Una rivoluzione fatta da trentenni. Attenzione, non stiamo parlando di manager o dei vertici societari ma di giovani con un’età media tra i 27 e i 30 anni, ribattezzati dal nuovo linguaggio-web, "professionals". Sono gestori di reti e sistemi, inventori di servizi online da offrire a famiglie o imprese, disegnatori web. Lavorano in gruppo e per obiettivi, hanno una quota di salario variabile legata a professionalità e performance che oscilla dal 25 al 50%, stock option, non hanno orari certi nè percorsi di carriera predeterminati. Da queste parti il contratto collettivo è lontano, è solo uno sfondo di legalità. Di sindacati o Rsu non c’è traccia perché, come ha detto uno degli amministratori delegati intervistati «i lavoratori qui si fanno rappresentare dai cacciatori di teste, altro che dal sindacato».

Dal contratto collettivo alla trattativa individuale. Il loro valore e, quindi, la retribuzione non è stabilita dal contratto nazionale di categoria o dall’integrativo che, infatti, nelle aziende più recenti non esiste, ma dal mercato e dalla trattativa individuale con il datore di lavoro. Tanto è vero che una delle domande su cui c’è stata più reticenza da parte delle aziende è stata quella sulle politiche salariali. Parliamo di società come Tiscali, EtnoTeam, e-Planet, Fineco e Virgilio, tutte attente a non rivelare uno dei punti strategici più delicati: quello della gestione e del trattamento delle risorse umane. E proprio attraverso queste aziende abbiamo fatto un viaggio dentro una rivoluzione che ha trasformato lavoratori dipendenti in professionisti legati a una società.
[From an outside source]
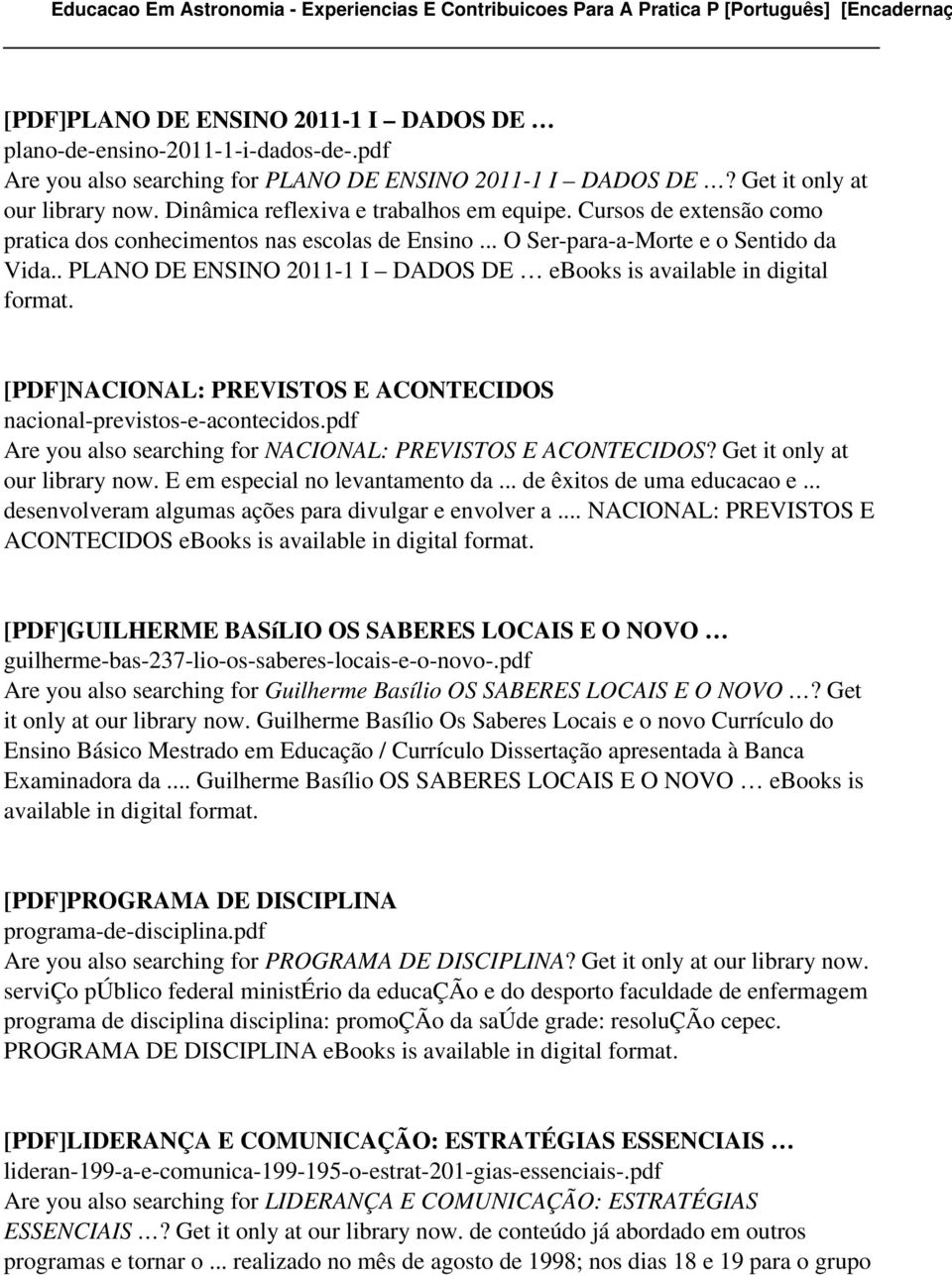 . PLANO DE ENSINO 2011-1 I DADOS DE ebooks is available in digital format. [PDF]NACIONAL: PREVISTOS E ACONTECIDOS nacional-previstos-e-acontecidos.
Certo, la congiuntura gioca a favore dei professionals vista l’esplosione della net-economy e la velocità con cui si diffonde che ha creato uno scarto fortissimo tra domanda e offerta di lavoro. Le poche competenze sul mercato alterano vecchie regole del gioco e anche di mercato, visti gli stipendi.

Il futuro? Un divario di saperi e di diritti. E poi, il fatto è che attraverso queste storie si sente più forte l’acuto con un’altra fetta di mondo: quello fatto da un disoccupazione dell’11% che supera il 25% nel caso dei giovani, quello della precarietà, del sommerso, dei salari d’ingresso. Questa è invece la patria dell’assunzione a tempo indeterminato, della formazione, del reclutamento fatto già dai banchi delle università. E già si intravedono altre divisioni: quelli che hanno competenze, formazione, con una propria forza contrattuale e quelli che, invece, usciranno da scuole mediocri, che non possono o non vogliono investire su se stessi. Sarà un divario di accesso al sapere che dividerà in due i diritti, le aspettative e il futuro.